[Crawled caption data]
-=-=-=-=-
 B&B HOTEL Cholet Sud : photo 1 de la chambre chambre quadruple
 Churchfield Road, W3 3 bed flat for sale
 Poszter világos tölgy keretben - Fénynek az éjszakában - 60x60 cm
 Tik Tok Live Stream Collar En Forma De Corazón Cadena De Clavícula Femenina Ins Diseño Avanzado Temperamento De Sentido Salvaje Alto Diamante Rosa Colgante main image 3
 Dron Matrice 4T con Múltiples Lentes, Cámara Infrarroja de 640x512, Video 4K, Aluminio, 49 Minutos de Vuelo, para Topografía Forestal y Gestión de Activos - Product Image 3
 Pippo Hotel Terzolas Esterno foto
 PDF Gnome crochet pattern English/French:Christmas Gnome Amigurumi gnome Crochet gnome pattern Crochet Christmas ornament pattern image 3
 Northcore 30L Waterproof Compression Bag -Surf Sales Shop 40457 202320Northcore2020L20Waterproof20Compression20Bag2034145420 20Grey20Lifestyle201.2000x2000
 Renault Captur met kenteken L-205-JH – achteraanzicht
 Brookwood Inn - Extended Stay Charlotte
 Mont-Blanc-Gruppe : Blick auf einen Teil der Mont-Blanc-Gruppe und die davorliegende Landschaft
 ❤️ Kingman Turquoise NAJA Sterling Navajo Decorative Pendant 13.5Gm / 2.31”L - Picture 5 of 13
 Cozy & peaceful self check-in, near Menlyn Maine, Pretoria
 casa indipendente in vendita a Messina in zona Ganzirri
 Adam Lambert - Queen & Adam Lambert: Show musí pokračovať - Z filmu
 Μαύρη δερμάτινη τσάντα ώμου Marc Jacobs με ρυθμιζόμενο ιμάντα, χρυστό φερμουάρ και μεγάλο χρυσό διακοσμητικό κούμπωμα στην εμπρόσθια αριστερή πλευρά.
-=-=-=-=-
EXERCISE AIM
In the entries above, find the line with "Churchfield Road, W3 3 bed flat for sale" and the line with "PDF Gnome crochet", then set down exactly those two and every line between them, nothing else.

EXERCISE ANSWER
 Churchfield Road, W3 3 bed flat for sale
 Poszter világos tölgy keretben - Fénynek az éjszakában - 60x60 cm
 Tik Tok Live Stream Collar En Forma De Corazón Cadena De Clavícula Femenina Ins Diseño Avanzado Temperamento De Sentido Salvaje Alto Diamante Rosa Colgante main image 3
 Dron Matrice 4T con Múltiples Lentes, Cámara Infrarroja de 640x512, Video 4K, Aluminio, 49 Minutos de Vuelo, para Topografía Forestal y Gestión de Activos - Product Image 3
 Pippo Hotel Terzolas Esterno foto
 PDF Gnome crochet pattern English/French:Christmas Gnome Amigurumi gnome Crochet gnome pattern Crochet Christmas ornament pattern image 3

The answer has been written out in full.